There is a big difference though between the viewer experience then and now, created by the home video age and the rise of digital channels.  Note that from the Hand of Fear repeat, old Who is now deemed BBC 4 material, to be shown alongside documentaries on Stradivarius violins, not BBC 2 as when the 30th anniversary was on, and certainly not BBC 3 where new Who is seemingly on constant repeat alongside Family Guy and programmes about yoof culture.  Still, between DVDs being sold cheap in HMV and regular repeats, new Who doesn't suffer the problem of old fans in the 70s.  Any time they want to see Eccleston or Tennant they can flick through the channels, go on iPlayer or get out their DVDs.

But although that takes a lot of the edge off seeing previous Doctors on the screen again, the fact that people still watch these repeats shows there's continued interest in them.  Furthermore, children are now growing up watching Doctor Who with no memory of the Eccleston era.  They are as much part of the past to a 10 year old now, as McCoy was to me when Paul McGann made his only appearance as Doctor Who.  To produce a new story allowing both young fans to see Eccleston in action for the first time, and for slightly older fans to see something other than reminiscences on DVD, would be grand.  It wouldn't matter if the plot was contrived because people want to see the characters in character.  It would be hugely entertaining.  The worst thing they could do is try to make a clever not-traditional multi doctor story in order to get the actors in but not have them play the roles we love them for, something pretentious and confused like Zagreus, for example.

No, Five Doctors good, Zagreus bad.  Stop trying to be clever and have fun.

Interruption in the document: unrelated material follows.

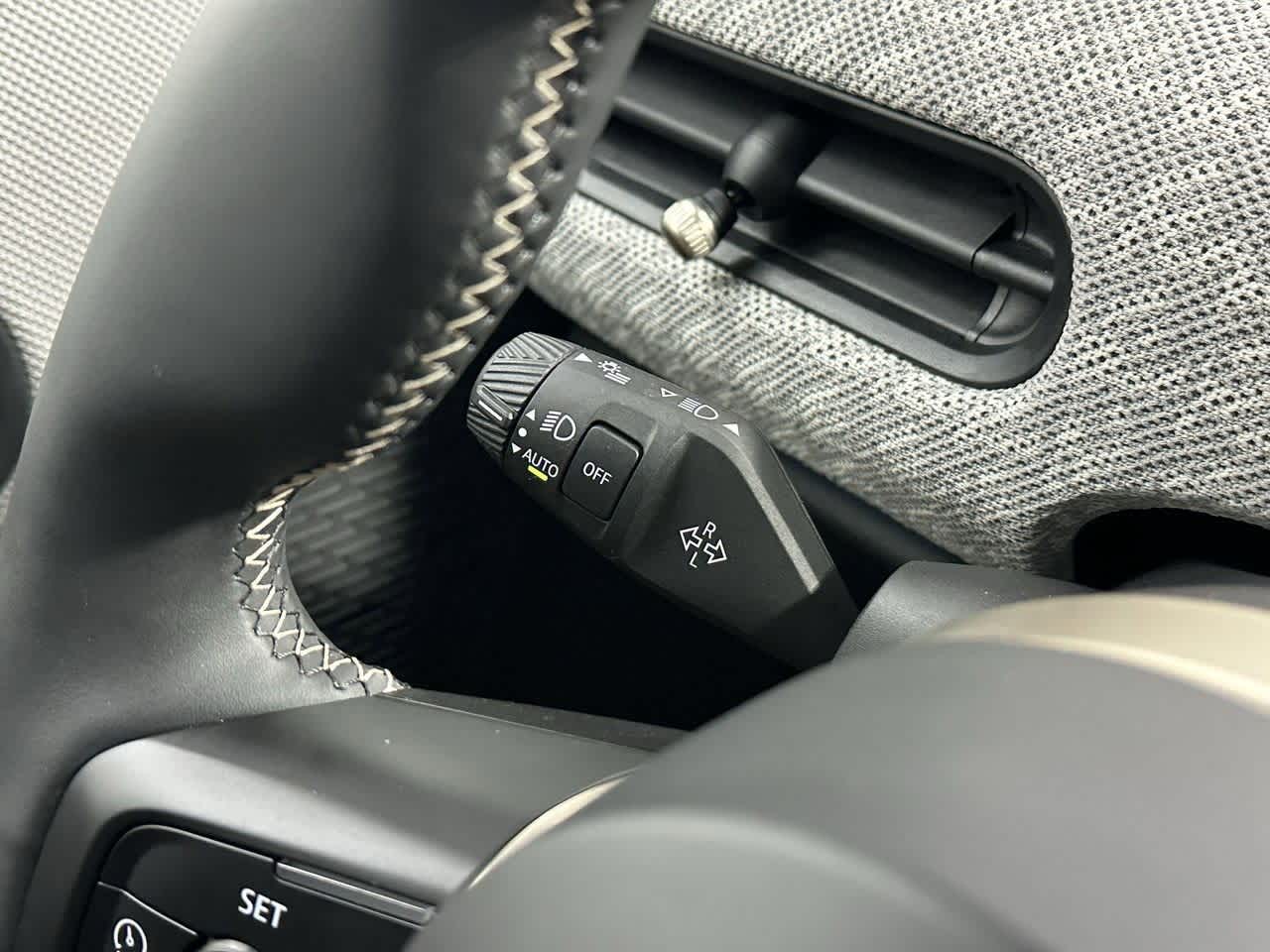 Thumbnail: 2025 MINI Cooper Hardtop - 13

As for the rest of the anniversary?  Well as I'll cover them another time, but they range from some great DVD releases, such as the Mind of Evil in full colour, a set of reprints of old novels with some dubious choices, and rumours of supposed missing episode discoveries that are being held back from public knowledge.  But reading around, these rumours span the view that there's nothing at all, to those claiming that a 'major haul' has been found.  I wouldn't put too much hope in that one.